Along these lines, our research reveals the role of goal-oriented migration in an interdependent network, where individuals on two different layers are playing two distinct games, namely the prisoner’s dilemma and the snowdrift game. Earlier studies on multilayer networks [67,68] uncovered that interdependence between networks generally inhibits the cooperation in the SD layer, although it is found to be useful for PD layer. In contrast, our mobility induced strategy improves the level of cooperation significantly in both layers. Each individual has been treated here as a mobile agent, looking for a better neighborhood in order to maximize the profit in terms of payoffs. This mobility influences the population dynamics and facilitates cooperators to survive appreciably by evading the invasions by defectors. Our systematic simulations indicate that the success of cooperators is enhanced in an intermediately dense population, where the availability of free space is sufficient. Furthermore, we have shown that the performance of the proposed strategy will increase under suitable choices of the interdependence parameter and for a suitable value of the temptation parameter within the $[1.0,1.4)$ range. We have also studied the effect of free spaces by keeping the effective population size unchanged.
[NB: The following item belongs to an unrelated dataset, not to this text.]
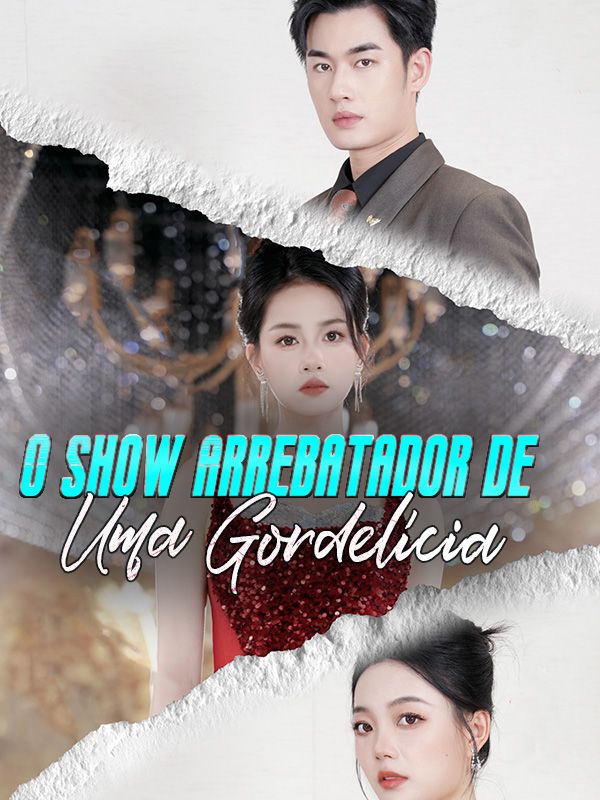 O Show Arrebatador de Uma Gordelícia$Magda$Silveira短剧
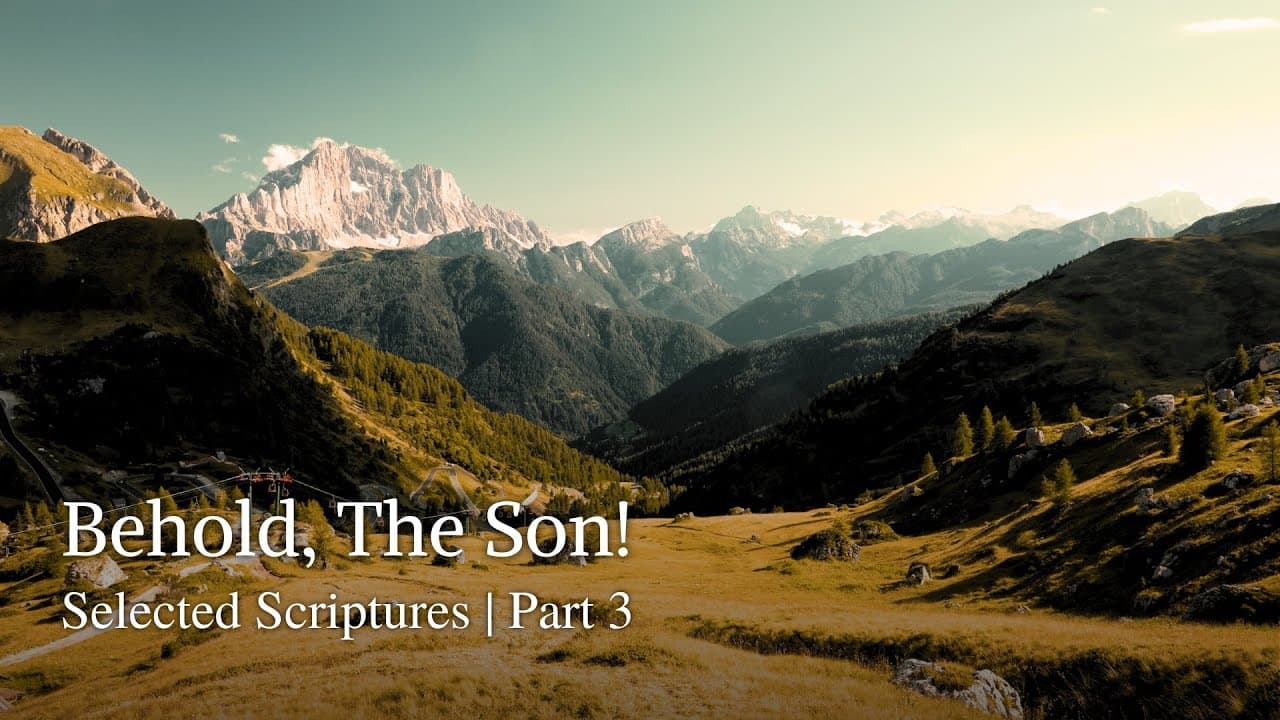 Behold, The Son! | Selected Scriptures | Part 3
We have also applied our approach to a multilayer network where on both layers the same game model was applied, and we have likewise observed a notable enhancement of cooperation (results not shown here).

The considered migration-induced interaction dynamics may lead to an interesting direction for future research at the interface of multilayer networks and evolutionary game theory, in particular with the aim of engineering better social systems at the interface of networks and human decision making under social dilemma conditions.